▶ [Exercise instructions]:
Copy from the first line below down to and including the line with "Videos shared by". Skip the pictures.

▶ [The data]:
────────────────────

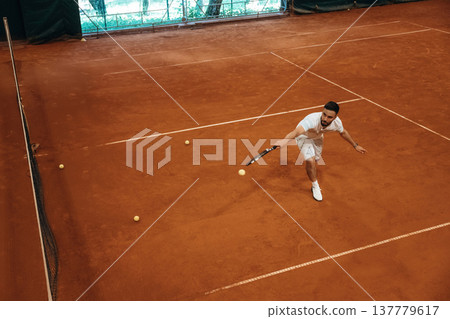 Top down view. Man is playing tennis indoors in the hangar Top down view. Man is playing tennis indoors in the hangar 137779617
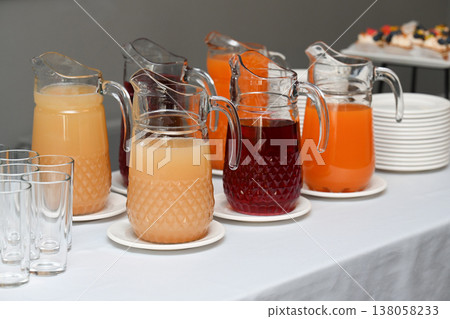 Assorted catering beverage station with fruit juice and berry mors in glass pitcher on buffet table for event with no people and copy space for menu Assorted catering beverage station with fruit juice and berry mors in glass pitcher on buffet table for event with no people and copy space for menu 138058233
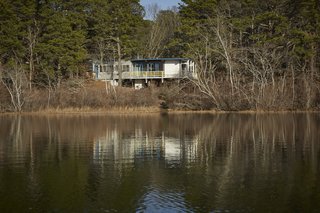 Experience Cape Cod Modern by Staying at the Midcentury Weidlinger House - Photo 1 of 8 - Anchored on concrete piers at the higher end of the slope, the house shoots out over stilts, suspended in midair for a commanding view of Higgins Pond. 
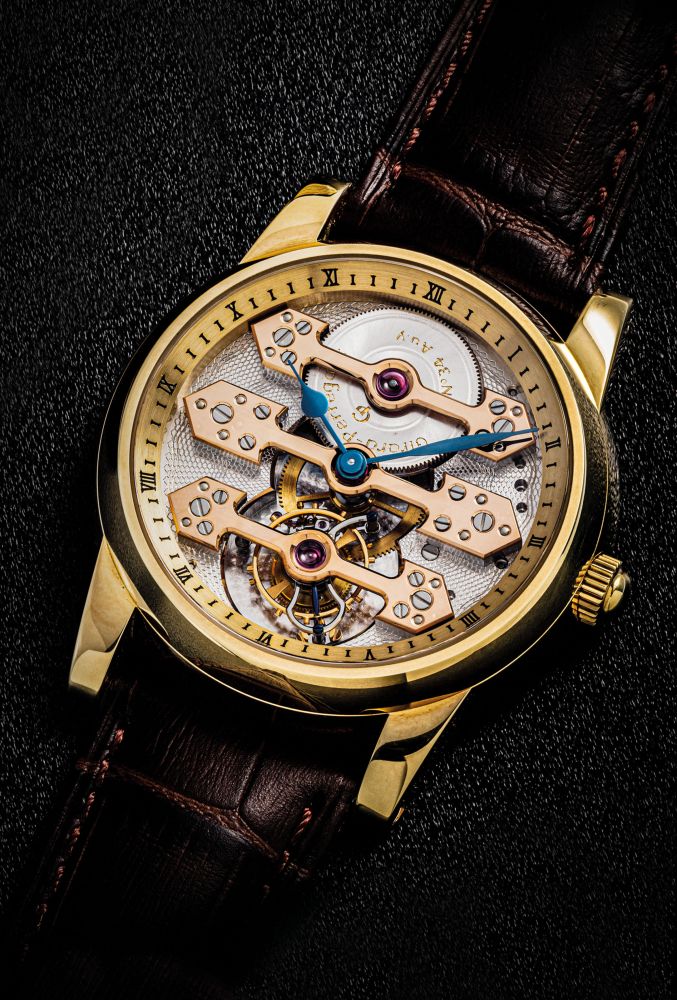 GIRARD-PERREGAUX. A FINE AND RARE 18K GOLD TOURBILLON WRISTWATCH WITH THREE GOLD BRIDGES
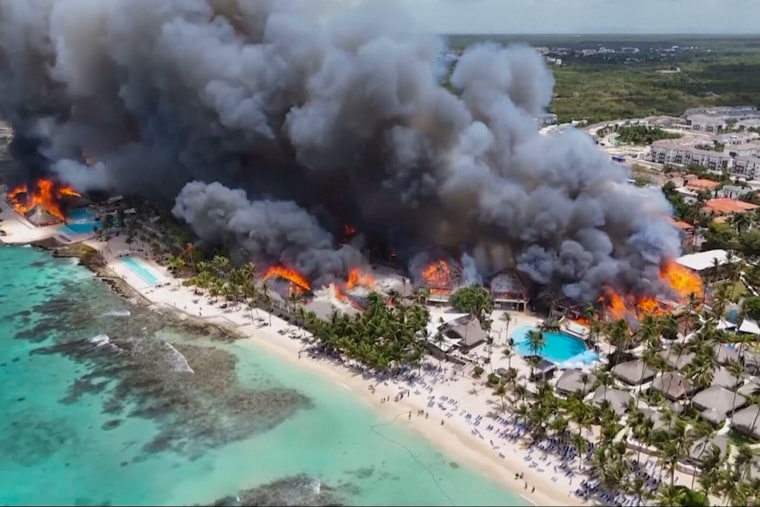 Videos shared by local media showed dark clouds of smoke billowing out above the Caribbean coastline, as flames engulfed the resort’s straw roof.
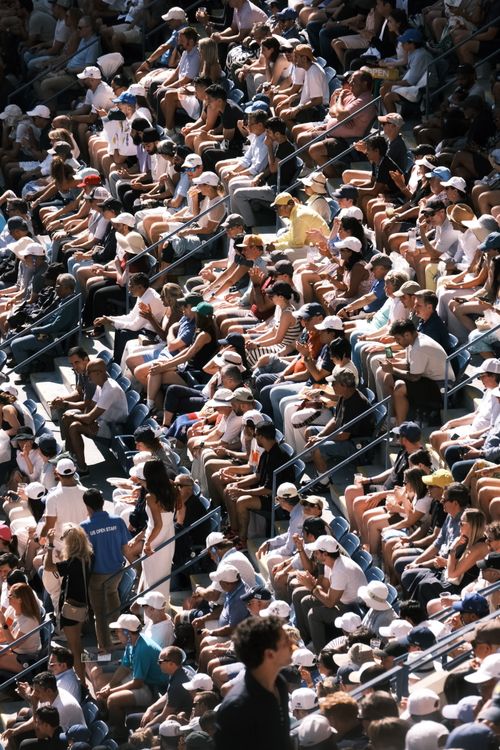 Free High-angle view of a diverse crowd enjoying an outdoor event on a sunny day. Stock Photo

────────────────────

▶ [Answer box]:
 Top down view. Man is playing tennis indoors in the hangar Top down view. Man is playing tennis indoors in the hangar 137779617
 Assorted catering beverage station with fruit juice and berry mors in glass pitcher on buffet table for event with no people and copy space for menu Assorted catering beverage station with fruit juice and berry mors in glass pitcher on buffet table for event with no people and copy space for menu 138058233
 Experience Cape Cod Modern by Staying at the Midcentury Weidlinger House - Photo 1 of 8 - Anchored on concrete piers at the higher end of the slope, the house shoots out over stilts, suspended in midair for a commanding view of Higgins Pond. 
 GIRARD-PERREGAUX. A FINE AND RARE 18K GOLD TOURBILLON WRISTWATCH WITH THREE GOLD BRIDGES
 Videos shared by local media showed dark clouds of smoke billowing out above the Caribbean coastline, as flames engulfed the resort’s straw roof.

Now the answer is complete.